Requirement ▸ Beginning with the line below that contains "A collection of fountain and ballpoint pens" and ending with the line that contains "The sun, seen", retype every line exactly. Pictures are not copied.

Input for this task ▸

'''

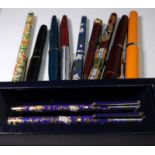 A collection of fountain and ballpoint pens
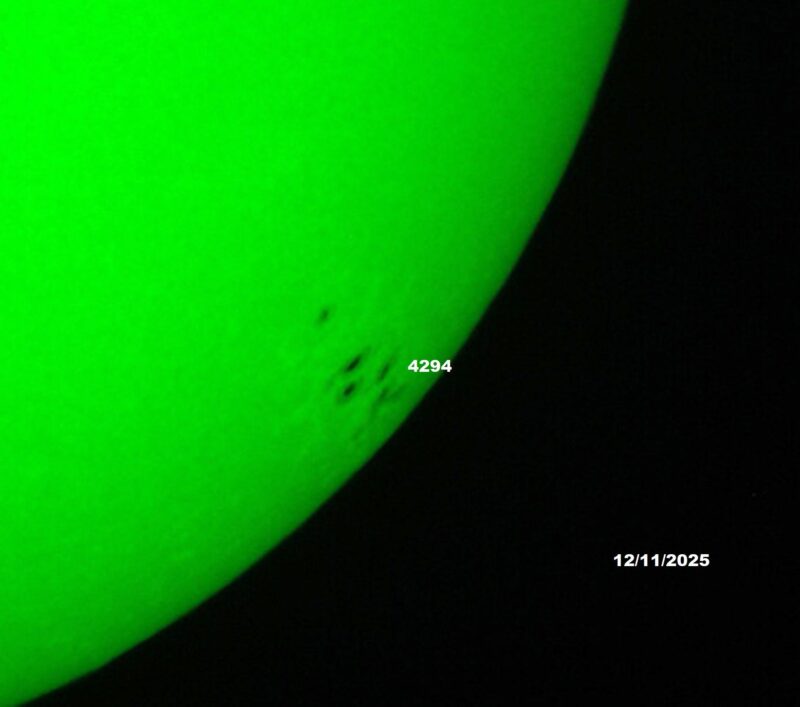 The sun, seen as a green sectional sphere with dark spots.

'''
'''

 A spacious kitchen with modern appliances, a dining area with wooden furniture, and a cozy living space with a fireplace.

'''
'''

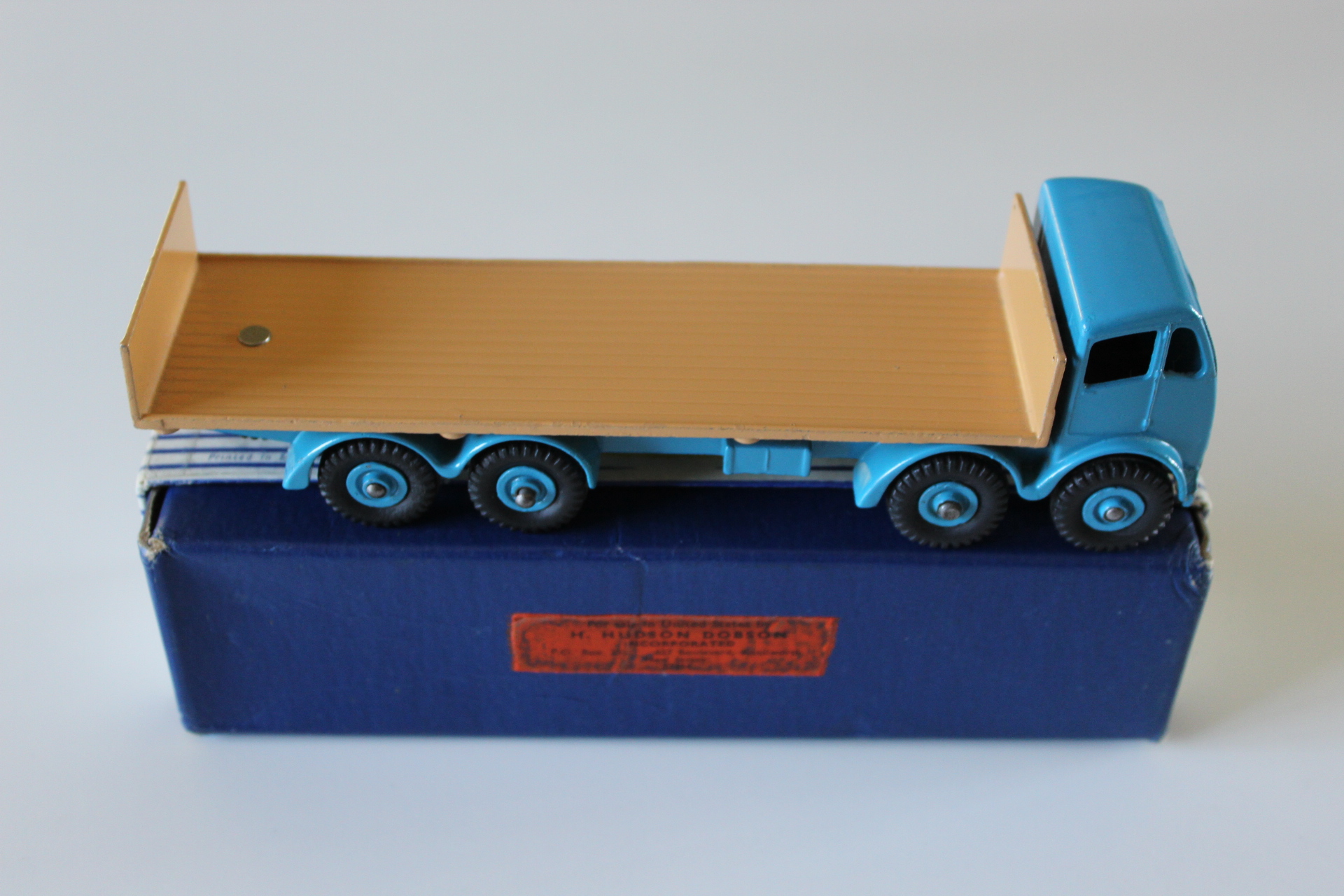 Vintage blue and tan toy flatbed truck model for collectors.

'''

Finished task ▸
 A collection of fountain and ballpoint pens
 The sun, seen as a green sectional sphere with dark spots.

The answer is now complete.